Data out on Tuesday showed a positive month on month retail sales figure for the eurozone, coming in at 0.7%, marginally beating expectations of 0.6%.
"The market has been long euros for some time now and price action post the ECB suggests that we are seeing a washout in those positions," said John Marley, head of FX strategy at Infinity International.
Sterling traded 0.28% lower against the dollar to 1.3135, giving up some gains made on Monday, with Britain set to enter the next stage of negotiations on its departure from the European Union on Thursday.

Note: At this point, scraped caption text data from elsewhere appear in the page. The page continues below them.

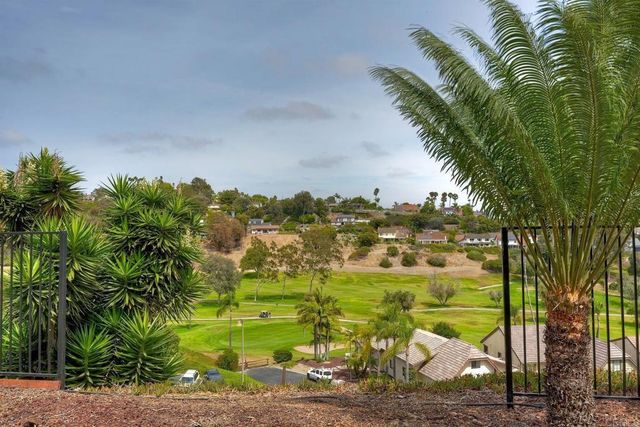 2050 Trevino Avenue, Oceanside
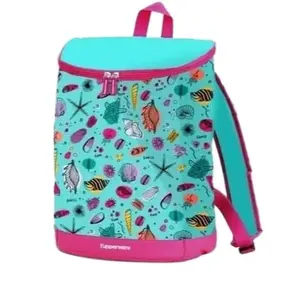 Utopia Shore Insulated Picnic Backpack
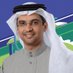 د.نايف الخشي (@nalkushi) Twitter profile photo د.نايف الخشي (@nalkushi) Twitter profile photo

Against the euro, the pound managed to gain 0.12% to 1.1360
The British government has stated most European Union citizens currently living in Britain will be allowed to remain in the country after Brexit in 2019.
Figures for the UK housing market released on Tuesday showed a monthly increase of 0.3%, and an increase of 2.3% in the last 3 months, the fastest price growth since January.
Managing Director of Halifax Community Bank, Russell Galley said, "Increasing pressure on household finances and continuing affordability concerns are some of the factors likely to dampen buyer demand. That said we do not anticipate the base rate rise will be a barrier to buying a house."
Over in Asia, the Japanese yen was another victim of a stronger dollar, with USD/JPY trading 0.34% higher to 114.08 as carry trades look to be in favour.
The Reserve Bank of Australia (RBA) decided to keep interest rates on hold at 1.5% on Tuesday, with market observers not expecting a raise for some time due to low inflation and cautious debt laden consumers.
Dampened rate rise expectatrions weighed on the australian dollar as it traded 0.68% softer against it's US counterpart.
"We've had some weaker data recently, particularly on inflation and retail sales. But the fact that this hasn't changed the language of the RBA is a modest positive for the foreign exchange market," said JP Morgan economist Ben Jarman.